[RECORDS SHOWN]:
--- START ---

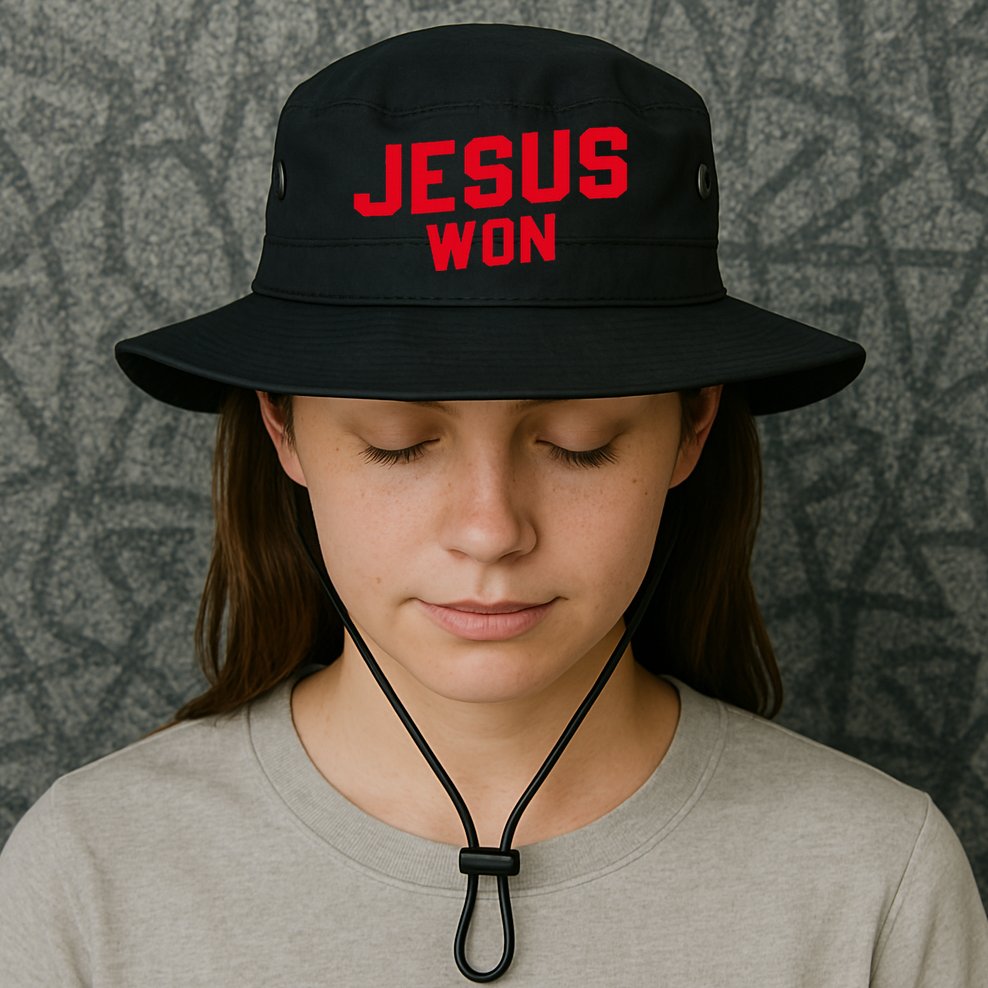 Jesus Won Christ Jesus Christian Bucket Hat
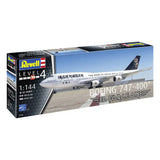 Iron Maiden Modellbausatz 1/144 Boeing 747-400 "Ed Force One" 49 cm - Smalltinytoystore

--- END ---
--- START ---

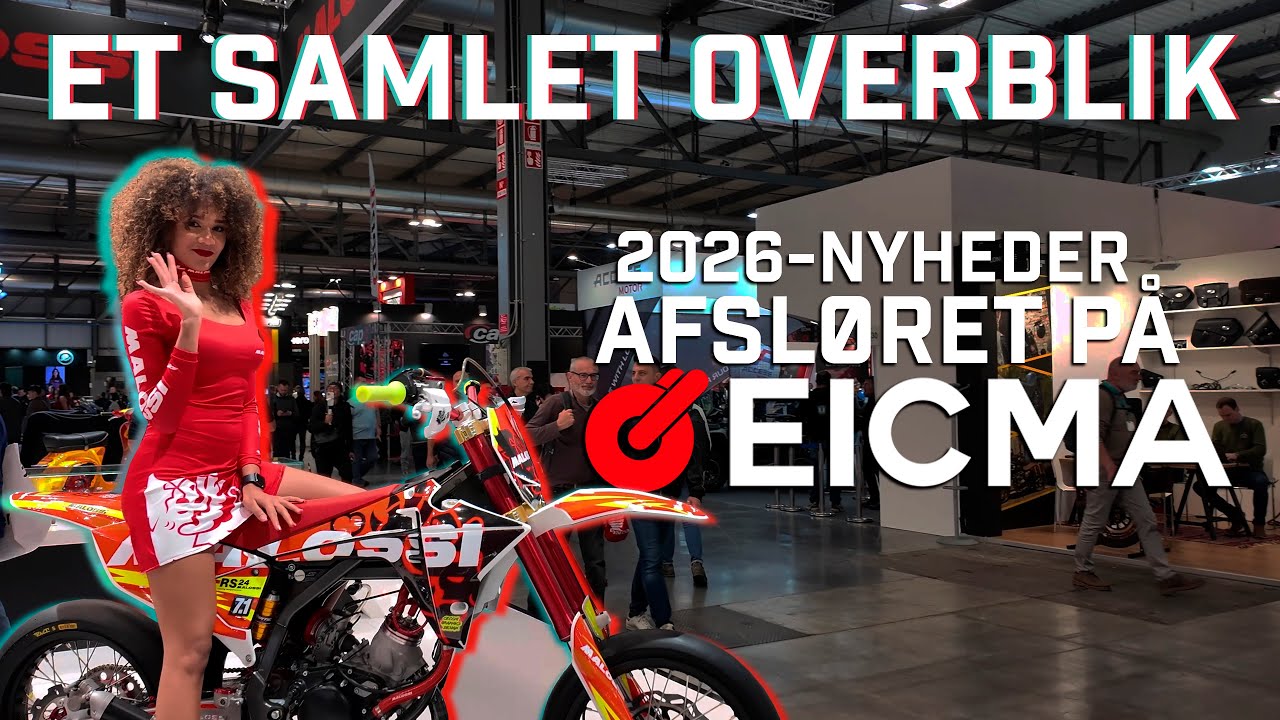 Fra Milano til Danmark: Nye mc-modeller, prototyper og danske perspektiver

--- END ---

[YOUR ASSIGNMENT]: Only the lines starting at the one with "Jesus Won Christ Jesus Christian Bucket Hat" and ending at the one with "Iron Maiden Modellbausatz" should be printed, each exactly as it appears in the material above; the pictures are to be omitted.

[ANSWER TO THE EXERCISE]:
 Jesus Won Christ Jesus Christian Bucket Hat
 Iron Maiden Modellbausatz 1/144 Boeing 747-400 "Ed Force One" 49 cm - Smalltinytoystore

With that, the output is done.